A Config File to Save Them: A Workflow to Use Microsoft Sharepoint and R

If your working for a company that uses Microsoft Sharepoint as the central file sharing platform and are as impatient as I am, you will be annoyed sooner rather than later. Saving and reading xlsx or csv files is so much more inefficient compared to other cloud storing services like Google Drive/Googlesheets. Unfortunately, there is no package like googlesheets4 for Microsoft products that works just out of the box.

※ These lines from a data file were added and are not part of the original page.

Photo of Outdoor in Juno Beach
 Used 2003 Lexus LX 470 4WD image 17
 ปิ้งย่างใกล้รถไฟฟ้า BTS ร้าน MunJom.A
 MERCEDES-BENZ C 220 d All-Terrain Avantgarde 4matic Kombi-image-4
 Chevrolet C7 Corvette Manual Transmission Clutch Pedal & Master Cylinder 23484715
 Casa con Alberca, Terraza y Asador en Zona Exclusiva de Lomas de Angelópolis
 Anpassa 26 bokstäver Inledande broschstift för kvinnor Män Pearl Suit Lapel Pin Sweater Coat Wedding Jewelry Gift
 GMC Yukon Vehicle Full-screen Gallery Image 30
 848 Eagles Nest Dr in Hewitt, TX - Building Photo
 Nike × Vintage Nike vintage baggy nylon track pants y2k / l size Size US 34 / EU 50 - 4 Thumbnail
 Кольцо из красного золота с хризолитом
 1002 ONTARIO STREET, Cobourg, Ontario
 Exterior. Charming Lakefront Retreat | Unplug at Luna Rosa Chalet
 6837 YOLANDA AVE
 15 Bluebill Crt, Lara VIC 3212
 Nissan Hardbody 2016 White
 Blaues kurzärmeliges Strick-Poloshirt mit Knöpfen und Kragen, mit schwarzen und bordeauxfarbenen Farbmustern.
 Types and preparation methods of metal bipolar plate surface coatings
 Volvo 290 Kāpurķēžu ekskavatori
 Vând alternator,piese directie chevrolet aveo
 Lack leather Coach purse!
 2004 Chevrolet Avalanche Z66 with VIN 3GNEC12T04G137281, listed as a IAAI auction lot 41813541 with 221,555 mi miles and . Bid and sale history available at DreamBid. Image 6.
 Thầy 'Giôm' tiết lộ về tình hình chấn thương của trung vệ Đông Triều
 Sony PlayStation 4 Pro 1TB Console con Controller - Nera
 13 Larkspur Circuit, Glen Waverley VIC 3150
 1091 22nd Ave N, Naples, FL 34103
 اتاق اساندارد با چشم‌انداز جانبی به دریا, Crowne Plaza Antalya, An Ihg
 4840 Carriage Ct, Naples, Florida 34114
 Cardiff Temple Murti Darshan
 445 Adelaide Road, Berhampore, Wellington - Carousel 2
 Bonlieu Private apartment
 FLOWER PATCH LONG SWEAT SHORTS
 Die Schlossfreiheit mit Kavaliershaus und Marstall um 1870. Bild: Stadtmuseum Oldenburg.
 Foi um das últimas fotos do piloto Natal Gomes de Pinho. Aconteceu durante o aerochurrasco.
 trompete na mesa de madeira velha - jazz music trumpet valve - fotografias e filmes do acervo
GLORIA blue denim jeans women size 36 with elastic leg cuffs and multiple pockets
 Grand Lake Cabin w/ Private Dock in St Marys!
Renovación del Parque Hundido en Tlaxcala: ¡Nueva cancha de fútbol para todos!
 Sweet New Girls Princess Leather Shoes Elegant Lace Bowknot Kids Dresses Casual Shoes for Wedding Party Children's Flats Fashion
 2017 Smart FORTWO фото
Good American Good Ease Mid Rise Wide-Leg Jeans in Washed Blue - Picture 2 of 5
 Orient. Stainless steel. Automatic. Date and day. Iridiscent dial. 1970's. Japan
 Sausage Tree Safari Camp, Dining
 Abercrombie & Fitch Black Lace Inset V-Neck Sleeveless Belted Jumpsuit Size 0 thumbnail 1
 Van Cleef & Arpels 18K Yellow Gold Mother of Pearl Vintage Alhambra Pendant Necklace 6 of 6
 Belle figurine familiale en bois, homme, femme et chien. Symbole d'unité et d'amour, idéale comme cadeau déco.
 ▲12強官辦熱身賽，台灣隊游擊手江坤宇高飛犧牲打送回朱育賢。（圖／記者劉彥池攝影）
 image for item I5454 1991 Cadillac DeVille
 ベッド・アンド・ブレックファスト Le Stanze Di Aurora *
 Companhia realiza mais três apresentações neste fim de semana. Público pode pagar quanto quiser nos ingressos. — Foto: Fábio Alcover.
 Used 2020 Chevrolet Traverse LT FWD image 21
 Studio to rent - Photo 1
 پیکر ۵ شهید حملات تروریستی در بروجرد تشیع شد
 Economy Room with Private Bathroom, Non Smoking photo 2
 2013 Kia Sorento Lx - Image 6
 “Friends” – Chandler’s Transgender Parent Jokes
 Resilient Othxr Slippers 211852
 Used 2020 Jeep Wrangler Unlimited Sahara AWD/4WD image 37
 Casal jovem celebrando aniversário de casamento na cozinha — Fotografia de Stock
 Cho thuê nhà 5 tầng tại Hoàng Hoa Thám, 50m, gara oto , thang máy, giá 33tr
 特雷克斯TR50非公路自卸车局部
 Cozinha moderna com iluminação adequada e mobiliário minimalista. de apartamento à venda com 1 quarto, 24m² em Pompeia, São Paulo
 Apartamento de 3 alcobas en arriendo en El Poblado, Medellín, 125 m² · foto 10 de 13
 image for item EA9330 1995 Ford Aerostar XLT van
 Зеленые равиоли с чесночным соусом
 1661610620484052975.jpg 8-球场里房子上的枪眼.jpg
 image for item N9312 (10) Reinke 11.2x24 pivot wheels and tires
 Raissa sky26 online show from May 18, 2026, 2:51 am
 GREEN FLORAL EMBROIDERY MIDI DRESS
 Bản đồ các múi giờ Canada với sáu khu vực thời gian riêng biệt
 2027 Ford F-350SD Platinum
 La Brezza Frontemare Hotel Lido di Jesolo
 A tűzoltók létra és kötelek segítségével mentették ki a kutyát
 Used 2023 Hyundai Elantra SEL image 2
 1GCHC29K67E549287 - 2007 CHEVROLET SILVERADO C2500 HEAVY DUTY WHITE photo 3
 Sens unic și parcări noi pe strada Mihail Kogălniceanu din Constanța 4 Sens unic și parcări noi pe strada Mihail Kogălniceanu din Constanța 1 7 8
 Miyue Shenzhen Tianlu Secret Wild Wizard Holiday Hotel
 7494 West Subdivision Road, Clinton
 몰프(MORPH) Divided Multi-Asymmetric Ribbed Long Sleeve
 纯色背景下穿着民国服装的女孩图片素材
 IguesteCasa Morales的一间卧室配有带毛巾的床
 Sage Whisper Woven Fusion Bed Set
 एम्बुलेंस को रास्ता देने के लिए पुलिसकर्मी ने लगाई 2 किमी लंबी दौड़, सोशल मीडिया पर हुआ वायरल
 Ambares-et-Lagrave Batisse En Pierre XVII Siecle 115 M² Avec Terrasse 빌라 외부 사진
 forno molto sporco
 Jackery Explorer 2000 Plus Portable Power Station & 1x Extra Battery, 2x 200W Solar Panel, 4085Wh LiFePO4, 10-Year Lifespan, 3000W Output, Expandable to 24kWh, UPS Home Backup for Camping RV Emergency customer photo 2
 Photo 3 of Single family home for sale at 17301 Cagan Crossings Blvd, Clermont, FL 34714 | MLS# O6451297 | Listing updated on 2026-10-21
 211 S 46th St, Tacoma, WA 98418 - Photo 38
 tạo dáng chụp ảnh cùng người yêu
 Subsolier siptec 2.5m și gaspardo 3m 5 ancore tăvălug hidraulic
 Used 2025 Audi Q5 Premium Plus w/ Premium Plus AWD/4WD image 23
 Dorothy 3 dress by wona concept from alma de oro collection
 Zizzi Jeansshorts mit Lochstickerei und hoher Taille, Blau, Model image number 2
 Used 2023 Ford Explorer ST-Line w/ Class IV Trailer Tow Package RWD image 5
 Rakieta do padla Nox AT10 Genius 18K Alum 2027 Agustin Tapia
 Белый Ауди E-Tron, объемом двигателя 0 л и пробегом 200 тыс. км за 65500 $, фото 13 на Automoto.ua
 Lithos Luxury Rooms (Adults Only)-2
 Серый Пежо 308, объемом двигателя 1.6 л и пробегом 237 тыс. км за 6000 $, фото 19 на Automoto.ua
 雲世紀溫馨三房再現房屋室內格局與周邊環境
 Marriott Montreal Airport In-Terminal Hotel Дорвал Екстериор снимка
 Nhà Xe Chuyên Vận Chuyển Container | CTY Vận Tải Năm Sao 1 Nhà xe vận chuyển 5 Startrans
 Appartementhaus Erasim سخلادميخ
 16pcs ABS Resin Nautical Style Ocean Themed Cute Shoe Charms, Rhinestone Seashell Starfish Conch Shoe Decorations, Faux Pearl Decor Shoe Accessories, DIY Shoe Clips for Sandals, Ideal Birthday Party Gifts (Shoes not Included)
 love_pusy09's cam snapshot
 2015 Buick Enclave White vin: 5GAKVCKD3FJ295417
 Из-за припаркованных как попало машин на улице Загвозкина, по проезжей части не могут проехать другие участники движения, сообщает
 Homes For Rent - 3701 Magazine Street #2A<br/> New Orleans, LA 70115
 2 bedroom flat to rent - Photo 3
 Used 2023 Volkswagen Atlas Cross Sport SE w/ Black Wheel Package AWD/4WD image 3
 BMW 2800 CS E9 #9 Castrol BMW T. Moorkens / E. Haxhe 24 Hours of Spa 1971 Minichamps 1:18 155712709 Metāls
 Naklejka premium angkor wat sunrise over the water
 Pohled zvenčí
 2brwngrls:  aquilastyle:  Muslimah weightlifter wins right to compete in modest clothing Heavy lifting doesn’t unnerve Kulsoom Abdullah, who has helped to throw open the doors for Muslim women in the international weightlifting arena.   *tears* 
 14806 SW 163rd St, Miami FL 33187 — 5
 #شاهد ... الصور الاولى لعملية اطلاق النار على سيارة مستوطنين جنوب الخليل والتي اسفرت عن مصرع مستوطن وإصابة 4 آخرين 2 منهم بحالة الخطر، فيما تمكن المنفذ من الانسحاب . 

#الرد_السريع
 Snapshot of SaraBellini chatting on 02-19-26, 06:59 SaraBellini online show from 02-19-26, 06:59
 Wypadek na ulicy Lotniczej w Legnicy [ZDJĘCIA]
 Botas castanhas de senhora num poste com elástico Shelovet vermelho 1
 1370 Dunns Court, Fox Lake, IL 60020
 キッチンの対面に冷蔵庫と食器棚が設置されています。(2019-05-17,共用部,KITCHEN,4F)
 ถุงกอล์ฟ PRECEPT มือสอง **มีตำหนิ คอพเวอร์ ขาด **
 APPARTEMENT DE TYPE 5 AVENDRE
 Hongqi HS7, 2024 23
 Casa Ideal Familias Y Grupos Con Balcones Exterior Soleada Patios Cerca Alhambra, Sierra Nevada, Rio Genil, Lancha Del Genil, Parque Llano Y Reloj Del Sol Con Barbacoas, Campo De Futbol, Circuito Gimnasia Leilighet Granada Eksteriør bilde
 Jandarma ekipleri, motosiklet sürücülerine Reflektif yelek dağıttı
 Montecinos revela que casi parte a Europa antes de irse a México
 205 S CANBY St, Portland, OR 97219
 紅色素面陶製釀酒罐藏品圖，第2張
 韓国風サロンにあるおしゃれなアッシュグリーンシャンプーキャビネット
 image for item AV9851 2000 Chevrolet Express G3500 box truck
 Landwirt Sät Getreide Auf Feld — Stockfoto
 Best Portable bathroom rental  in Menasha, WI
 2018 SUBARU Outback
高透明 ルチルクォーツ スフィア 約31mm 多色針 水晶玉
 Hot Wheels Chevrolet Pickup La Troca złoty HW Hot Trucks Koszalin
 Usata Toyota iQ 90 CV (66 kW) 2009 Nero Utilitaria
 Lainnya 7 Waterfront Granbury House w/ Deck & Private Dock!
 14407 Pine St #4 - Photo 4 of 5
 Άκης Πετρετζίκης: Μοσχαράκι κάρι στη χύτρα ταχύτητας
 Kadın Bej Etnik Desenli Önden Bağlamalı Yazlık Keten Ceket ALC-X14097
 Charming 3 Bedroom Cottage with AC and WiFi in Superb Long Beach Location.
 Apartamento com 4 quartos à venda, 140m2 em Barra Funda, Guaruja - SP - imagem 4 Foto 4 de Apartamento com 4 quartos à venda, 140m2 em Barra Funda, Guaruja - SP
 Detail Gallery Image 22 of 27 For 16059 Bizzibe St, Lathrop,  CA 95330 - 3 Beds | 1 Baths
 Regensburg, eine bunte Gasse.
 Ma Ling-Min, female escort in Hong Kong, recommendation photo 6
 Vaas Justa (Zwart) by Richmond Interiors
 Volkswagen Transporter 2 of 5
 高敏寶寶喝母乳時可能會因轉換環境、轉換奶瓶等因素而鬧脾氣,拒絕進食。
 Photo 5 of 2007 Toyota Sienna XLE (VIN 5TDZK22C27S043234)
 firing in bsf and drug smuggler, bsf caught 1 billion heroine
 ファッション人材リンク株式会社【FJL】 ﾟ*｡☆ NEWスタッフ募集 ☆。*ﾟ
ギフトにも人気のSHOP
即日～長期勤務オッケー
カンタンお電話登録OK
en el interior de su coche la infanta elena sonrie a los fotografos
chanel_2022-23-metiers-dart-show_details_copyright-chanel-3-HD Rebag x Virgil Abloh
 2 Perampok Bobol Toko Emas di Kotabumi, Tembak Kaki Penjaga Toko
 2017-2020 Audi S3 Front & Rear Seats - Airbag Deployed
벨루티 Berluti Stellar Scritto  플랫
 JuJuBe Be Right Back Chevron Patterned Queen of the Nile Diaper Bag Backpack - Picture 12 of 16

Of course, there are similar packages to communicate with Microsoft Sharepoint or Microsoft OneDrive via an API. But some of them like Microsoft365R work only well with OneDrive and Sharepoint online, but not for instance an on premise version of a Sharepoint. Or one needs special rights which are very hard to be granted by IT departments if the main reason is just to make saving and reading files easier for a lazy R programmer. In short: It is unnecessarily tedious.

But there is rescue! I developed a simple workflow without any APIs or special access rights. After all, Sharepoint and OneDrive are not just cloud storages, they are also integrated into the file system of every computer and are synchronized from there. I can take advantage of that.

The Requirements

  • I want to share Excel (or any other files) from R with other people over a Microsoft Sharepoint
  • The scripts are stored in Git repos and the Excel spreadsheets in a Sharepoint
  • Paths must be accessible regardless of OS and user

The Workflow

So I need a workflow that targets paths individually per user and at the same time allows generic path references in scripts.

To do so, I use the config package. It helps to store and read paths, parameters or even R code in a yaml config file that each person interacting with the script has to create on his or her computer.

There are two places that are suitable for this purpose:

  1. in the root directory of each user (~/); this is useful for paths or other configuration information that is used in multiple repos
  2. in the root folder of a repo/working directory of an .RProj

The docs say:

By default configuration data is read from a file named config.yml within the current working directory (or parent directories if no config file is found in the initially specified directory).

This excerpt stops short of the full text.